# Live Center Recomendation



## Que (Oct 31, 2012)

Looking for a quality live center for my G0602. I need the dia of the body to be smaller than the norm. Also like for the center to be of a narrow design also. Thanks for any help/suggestions.


----------



## 7HC (Oct 31, 2012)

Que said:


> Looking for a quality live center for my G0602. I need the dia of the body to be smaller than the norm. Also like for the center to be of a narrow design also. Thanks for any help/suggestions.



What taper?  LMS has a small MT2 one.


M


----------



## Que (Oct 31, 2012)

7HC said:


> What taper?  LMS has a small MT2 one.
> 
> 
> M



Sorry about that; yes its a MT2


----------



## 7HC (Oct 31, 2012)

Que said:


> Sorry about that; yes its a MT2



Ok, here's the one I was thinking of, it's short, narrow, and inexpensive: http://littlemachineshop.com/products/product_view.php?ProductID=1189&category=

Hope that helps.


M


----------



## Que (Oct 31, 2012)

I would like to find one with a much slimmer body if possible. Almost like a dead center in its shape.


----------



## 7HC (Oct 31, 2012)

Que said:


> I would like to find one with a much slimmer body if possible. Almost like a dead center in its shape.

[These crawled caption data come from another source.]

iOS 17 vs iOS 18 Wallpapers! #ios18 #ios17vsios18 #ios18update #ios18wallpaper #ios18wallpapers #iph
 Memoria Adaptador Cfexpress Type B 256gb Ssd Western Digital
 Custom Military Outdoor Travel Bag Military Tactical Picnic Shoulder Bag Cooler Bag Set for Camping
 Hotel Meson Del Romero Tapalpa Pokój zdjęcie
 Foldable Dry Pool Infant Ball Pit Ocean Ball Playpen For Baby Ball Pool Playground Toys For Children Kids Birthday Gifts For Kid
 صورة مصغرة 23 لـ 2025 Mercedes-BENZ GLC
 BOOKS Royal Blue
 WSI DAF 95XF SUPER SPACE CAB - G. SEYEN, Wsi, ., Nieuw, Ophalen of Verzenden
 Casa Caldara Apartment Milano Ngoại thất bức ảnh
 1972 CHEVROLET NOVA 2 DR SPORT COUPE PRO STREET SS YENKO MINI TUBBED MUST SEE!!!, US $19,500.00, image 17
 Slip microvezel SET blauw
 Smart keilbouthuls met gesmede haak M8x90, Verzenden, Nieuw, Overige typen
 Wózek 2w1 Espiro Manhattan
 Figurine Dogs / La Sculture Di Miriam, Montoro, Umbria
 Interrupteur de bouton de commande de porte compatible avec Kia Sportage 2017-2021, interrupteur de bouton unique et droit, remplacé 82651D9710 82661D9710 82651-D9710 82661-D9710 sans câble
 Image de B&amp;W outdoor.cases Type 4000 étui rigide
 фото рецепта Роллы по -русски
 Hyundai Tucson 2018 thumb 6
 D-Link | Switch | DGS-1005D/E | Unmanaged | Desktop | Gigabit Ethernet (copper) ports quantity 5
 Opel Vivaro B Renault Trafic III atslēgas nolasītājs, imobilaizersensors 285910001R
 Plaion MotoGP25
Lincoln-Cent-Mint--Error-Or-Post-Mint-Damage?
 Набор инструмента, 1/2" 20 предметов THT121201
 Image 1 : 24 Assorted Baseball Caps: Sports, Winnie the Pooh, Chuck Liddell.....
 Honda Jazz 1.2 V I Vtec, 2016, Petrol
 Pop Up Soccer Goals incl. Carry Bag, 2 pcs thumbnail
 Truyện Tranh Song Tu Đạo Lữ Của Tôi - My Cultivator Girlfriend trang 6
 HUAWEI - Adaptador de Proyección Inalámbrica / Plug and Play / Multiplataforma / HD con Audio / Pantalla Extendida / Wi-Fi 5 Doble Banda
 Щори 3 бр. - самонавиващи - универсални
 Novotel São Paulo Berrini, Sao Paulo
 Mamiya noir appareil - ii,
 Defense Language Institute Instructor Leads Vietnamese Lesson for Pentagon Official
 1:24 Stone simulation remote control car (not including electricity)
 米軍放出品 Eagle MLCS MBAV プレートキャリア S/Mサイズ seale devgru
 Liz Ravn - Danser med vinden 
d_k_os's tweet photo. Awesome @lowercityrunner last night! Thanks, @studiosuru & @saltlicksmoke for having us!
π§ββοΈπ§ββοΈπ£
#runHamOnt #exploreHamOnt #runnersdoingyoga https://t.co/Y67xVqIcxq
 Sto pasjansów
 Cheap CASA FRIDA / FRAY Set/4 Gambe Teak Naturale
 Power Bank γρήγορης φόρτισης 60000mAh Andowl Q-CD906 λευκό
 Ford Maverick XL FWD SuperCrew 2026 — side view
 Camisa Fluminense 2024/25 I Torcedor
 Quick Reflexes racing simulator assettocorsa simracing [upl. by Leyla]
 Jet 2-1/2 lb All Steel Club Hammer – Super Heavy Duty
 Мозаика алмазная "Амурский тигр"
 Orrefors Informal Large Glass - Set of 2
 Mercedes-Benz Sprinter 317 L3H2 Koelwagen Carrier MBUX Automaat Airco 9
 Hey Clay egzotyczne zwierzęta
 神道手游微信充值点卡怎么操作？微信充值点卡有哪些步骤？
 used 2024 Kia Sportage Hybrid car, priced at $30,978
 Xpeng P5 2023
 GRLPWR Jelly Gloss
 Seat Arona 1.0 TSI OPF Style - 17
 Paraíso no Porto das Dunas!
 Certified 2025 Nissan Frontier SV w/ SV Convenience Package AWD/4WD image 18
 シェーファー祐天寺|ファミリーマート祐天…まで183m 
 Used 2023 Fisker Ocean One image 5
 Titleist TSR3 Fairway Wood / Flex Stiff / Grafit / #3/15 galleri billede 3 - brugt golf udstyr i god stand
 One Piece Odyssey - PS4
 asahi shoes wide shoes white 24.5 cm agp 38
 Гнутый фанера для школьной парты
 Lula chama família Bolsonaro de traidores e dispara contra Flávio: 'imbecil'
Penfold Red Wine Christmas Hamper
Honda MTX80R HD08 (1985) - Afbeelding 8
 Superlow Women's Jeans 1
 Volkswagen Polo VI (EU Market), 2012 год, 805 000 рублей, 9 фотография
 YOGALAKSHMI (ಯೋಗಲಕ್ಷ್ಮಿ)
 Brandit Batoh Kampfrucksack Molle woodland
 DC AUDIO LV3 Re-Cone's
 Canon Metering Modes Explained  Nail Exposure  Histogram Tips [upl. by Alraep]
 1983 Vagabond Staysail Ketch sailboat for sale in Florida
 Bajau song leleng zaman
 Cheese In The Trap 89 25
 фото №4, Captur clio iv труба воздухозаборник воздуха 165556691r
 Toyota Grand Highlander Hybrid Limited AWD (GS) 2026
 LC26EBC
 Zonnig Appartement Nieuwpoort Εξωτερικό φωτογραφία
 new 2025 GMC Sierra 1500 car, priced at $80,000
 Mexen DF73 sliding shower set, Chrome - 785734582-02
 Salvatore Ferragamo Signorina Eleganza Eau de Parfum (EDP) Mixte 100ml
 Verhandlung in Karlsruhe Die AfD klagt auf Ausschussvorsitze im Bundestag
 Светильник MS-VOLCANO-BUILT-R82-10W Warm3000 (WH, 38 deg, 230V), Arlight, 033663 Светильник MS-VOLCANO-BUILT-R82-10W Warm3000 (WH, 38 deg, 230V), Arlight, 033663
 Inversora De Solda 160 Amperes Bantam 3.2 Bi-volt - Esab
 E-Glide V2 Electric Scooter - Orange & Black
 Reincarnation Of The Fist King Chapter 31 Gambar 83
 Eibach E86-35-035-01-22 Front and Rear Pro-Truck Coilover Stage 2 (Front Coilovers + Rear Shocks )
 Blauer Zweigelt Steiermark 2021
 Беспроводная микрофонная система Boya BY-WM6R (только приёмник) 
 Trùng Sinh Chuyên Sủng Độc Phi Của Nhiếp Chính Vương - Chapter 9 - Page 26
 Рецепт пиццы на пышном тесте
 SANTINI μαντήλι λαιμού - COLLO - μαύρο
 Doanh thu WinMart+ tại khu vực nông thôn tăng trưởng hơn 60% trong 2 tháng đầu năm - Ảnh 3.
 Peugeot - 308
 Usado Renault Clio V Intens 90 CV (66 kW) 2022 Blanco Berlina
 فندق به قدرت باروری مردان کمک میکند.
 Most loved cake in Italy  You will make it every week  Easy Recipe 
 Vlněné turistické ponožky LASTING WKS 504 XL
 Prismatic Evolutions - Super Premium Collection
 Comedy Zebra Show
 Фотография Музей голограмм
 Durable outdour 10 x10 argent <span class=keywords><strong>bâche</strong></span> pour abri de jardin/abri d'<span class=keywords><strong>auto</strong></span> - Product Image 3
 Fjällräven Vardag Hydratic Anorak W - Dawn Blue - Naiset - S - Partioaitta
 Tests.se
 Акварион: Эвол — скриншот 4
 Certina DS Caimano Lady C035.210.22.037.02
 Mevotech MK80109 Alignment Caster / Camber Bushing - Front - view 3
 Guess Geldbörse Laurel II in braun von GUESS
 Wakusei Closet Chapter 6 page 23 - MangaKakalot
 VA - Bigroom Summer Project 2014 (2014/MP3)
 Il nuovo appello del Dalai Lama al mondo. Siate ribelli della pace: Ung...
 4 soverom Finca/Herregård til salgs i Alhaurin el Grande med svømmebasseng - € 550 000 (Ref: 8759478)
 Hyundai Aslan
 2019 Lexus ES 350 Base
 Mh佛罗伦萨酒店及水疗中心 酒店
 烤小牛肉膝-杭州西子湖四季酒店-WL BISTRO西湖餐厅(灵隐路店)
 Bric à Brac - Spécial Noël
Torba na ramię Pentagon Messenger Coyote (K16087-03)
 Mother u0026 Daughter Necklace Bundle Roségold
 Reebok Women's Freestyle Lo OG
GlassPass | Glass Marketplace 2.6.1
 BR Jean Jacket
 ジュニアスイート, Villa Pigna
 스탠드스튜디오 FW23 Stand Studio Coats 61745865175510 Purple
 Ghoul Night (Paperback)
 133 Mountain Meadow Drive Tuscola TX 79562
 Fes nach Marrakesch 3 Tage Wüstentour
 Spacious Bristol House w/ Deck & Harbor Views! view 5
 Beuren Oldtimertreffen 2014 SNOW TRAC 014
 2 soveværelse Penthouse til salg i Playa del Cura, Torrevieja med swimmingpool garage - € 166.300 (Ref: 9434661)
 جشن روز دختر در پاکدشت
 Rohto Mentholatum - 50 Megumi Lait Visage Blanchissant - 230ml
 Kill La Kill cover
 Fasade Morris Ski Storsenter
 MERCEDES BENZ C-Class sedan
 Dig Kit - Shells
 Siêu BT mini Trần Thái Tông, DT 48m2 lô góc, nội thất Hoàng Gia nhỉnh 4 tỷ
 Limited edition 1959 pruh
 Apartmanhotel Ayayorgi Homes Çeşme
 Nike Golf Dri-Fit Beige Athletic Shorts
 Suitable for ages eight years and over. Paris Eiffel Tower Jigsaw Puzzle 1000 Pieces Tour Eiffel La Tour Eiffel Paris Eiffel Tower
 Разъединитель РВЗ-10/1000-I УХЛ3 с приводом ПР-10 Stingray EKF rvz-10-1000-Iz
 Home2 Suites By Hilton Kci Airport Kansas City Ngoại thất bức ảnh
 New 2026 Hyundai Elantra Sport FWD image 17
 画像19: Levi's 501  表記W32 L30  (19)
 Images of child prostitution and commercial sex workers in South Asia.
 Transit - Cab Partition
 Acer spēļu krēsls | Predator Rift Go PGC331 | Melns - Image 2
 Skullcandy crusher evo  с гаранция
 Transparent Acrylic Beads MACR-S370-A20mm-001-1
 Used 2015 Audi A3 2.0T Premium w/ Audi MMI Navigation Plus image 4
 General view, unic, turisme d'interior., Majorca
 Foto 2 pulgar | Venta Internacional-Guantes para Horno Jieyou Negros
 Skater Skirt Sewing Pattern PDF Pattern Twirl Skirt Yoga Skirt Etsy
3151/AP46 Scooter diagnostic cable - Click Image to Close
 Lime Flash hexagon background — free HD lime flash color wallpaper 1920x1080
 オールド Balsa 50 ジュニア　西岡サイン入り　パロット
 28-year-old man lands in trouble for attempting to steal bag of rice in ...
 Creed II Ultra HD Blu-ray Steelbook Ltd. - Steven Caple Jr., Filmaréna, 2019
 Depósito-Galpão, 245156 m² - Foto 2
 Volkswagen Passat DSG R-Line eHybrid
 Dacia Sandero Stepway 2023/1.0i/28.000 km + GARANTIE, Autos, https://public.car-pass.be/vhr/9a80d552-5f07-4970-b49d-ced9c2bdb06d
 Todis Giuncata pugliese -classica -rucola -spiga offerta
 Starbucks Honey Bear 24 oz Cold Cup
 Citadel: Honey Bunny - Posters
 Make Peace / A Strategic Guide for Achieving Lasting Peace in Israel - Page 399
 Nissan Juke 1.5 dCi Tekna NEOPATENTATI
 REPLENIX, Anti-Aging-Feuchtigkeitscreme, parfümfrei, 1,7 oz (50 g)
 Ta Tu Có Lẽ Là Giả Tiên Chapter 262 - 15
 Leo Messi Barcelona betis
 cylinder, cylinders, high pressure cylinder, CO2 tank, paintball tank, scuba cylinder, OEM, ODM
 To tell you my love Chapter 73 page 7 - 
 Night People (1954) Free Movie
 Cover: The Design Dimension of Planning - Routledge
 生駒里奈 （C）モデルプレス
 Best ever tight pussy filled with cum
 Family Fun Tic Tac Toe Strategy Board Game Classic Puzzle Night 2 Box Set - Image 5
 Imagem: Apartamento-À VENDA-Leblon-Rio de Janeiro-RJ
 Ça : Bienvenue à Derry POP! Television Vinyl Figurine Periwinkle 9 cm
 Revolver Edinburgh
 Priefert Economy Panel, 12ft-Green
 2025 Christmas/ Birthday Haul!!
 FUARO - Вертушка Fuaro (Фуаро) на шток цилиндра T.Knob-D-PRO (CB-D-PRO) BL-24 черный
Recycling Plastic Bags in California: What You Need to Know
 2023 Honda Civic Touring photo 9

Would a 1" diameter head be too large?


M


----------



## Que (Oct 31, 2012)

7HC said:


> Would a 1" diameter head be too large?
> 
> 
> M



Not at all. Sounds like that'd be the ticket. Where can that be found?


----------



## 7HC (Oct 31, 2012)

Que said:


> Not at all. Sounds like that'd be the ticket. Where can that be found?




Here at Grizzly:http://www.grizzly.com/products/Live-Center-MT1/H3407

It's on a MT1 though, so youd need a MT2-MT1 adaptor.


M


----------



## Que (Nov 1, 2012)

Wasn't thinking straight when I posted this. The lathe uses a MT3. Sorry about that.


----------



## 7HC (Nov 1, 2012)

Que said:


> Wasn't thinking straight when I posted this. The lathe uses a MT3. Sorry about that.



If the live center suits what you need you can still adapt it from MT1 to MT3.


M


----------